» Activity
The records below must be transcribed exactly, with each picture left out.
=== Begin Enclosure ===
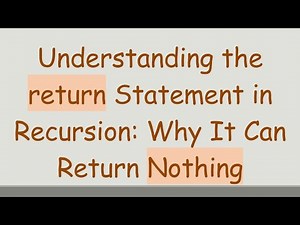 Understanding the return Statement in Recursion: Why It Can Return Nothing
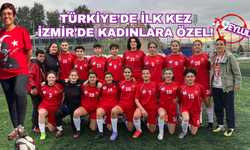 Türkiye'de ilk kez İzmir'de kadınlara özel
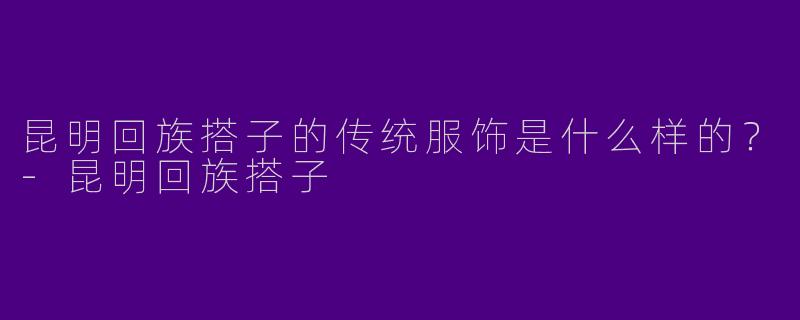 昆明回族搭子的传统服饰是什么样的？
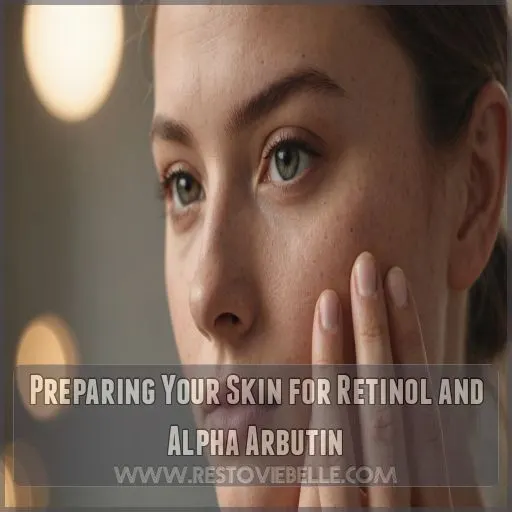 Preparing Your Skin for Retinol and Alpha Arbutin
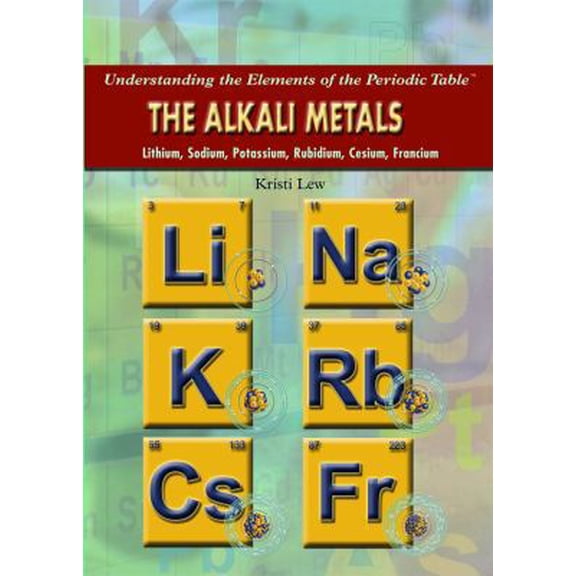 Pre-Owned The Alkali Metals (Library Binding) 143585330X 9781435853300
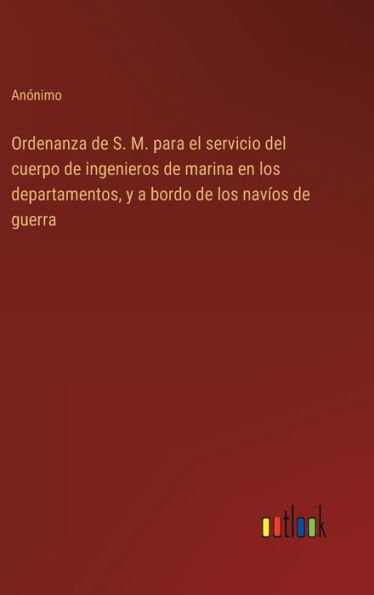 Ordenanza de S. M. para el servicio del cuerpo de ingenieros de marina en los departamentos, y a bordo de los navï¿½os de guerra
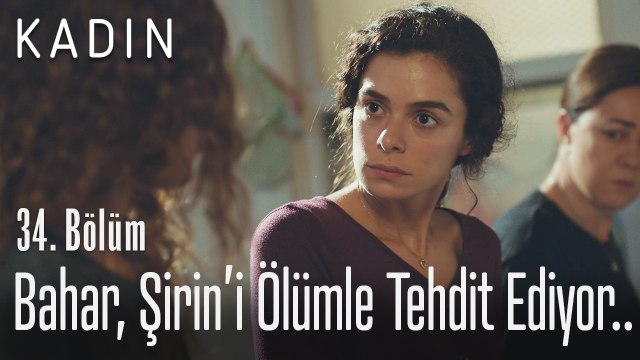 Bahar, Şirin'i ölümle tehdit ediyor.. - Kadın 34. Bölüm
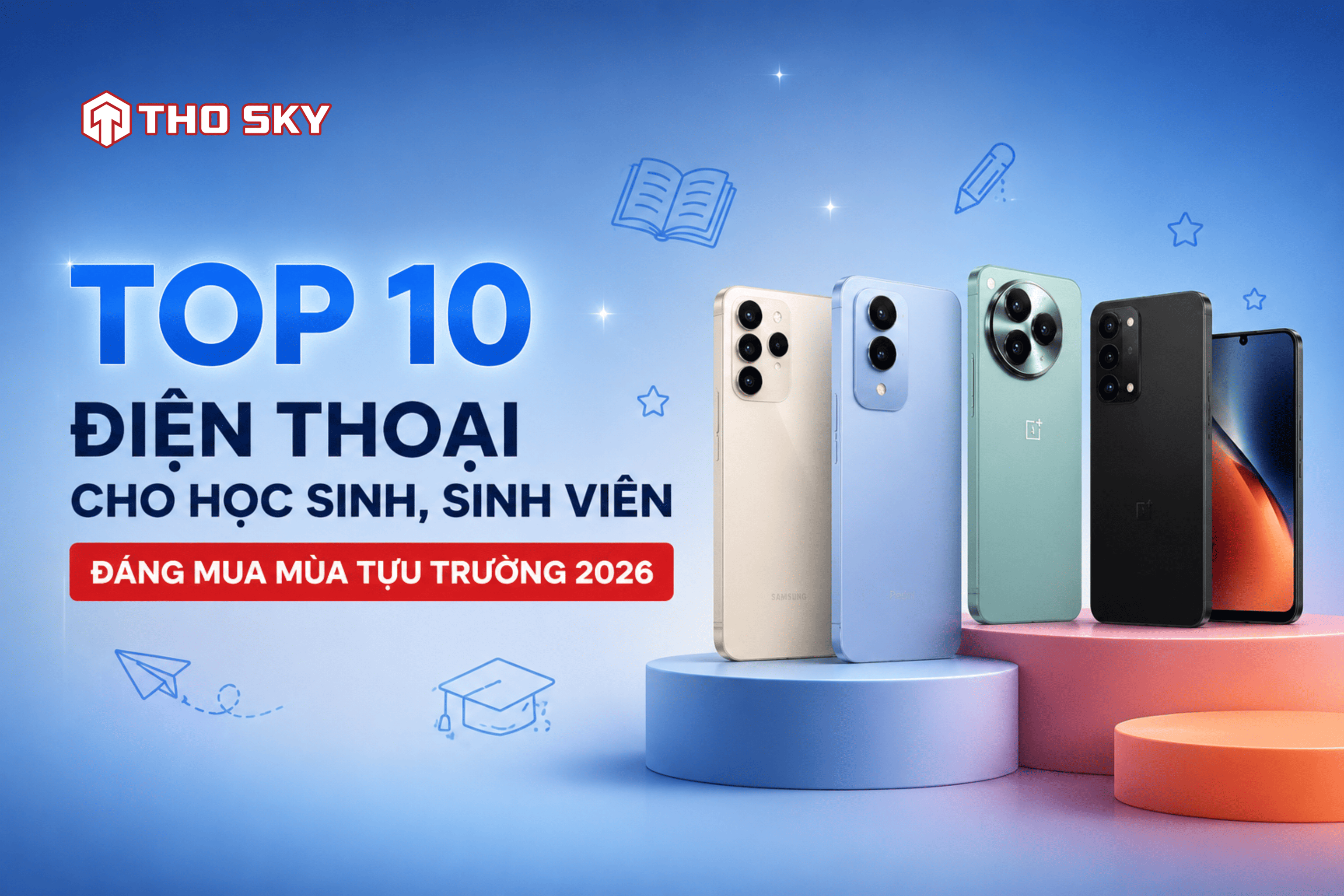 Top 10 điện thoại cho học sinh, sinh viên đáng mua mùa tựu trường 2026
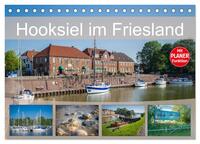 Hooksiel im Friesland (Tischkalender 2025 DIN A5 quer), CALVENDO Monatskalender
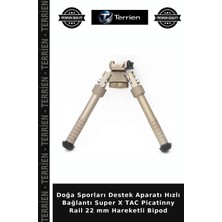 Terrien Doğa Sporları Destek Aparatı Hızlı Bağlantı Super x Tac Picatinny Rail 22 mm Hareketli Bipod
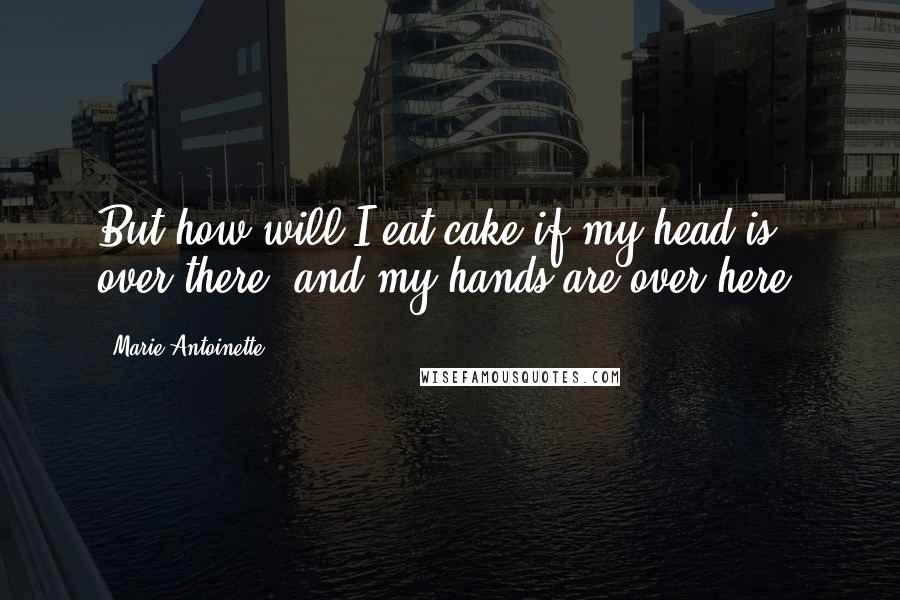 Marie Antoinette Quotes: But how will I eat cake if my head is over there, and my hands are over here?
=== End Enclosure ===
» Answer for the task
 Understanding the return Statement in Recursion: Why It Can Return Nothing
 Türkiye'de ilk kez İzmir'de kadınlara özel
 昆明回族搭子的传统服饰是什么样的？
 Preparing Your Skin for Retinol and Alpha Arbutin
 Pre-Owned The Alkali Metals (Library Binding) 143585330X 9781435853300
 Ordenanza de S. M. para el servicio del cuerpo de ingenieros de marina en los departamentos, y a bordo de los navï¿½os de guerra
 Bahar, Şirin'i ölümle tehdit ediyor.. - Kadın 34. Bölüm
 Top 10 điện thoại cho học sinh, sinh viên đáng mua mùa tựu trường 2026
 Hooksiel im Friesland (Tischkalender 2025 DIN A5 quer), CALVENDO Monatskalender
 Terrien Doğa Sporları Destek Aparatı Hızlı Bağlantı Super x Tac Picatinny Rail 22 mm Hareketli Bipod
 Marie Antoinette Quotes: But how will I eat cake if my head is over there, and my hands are over here?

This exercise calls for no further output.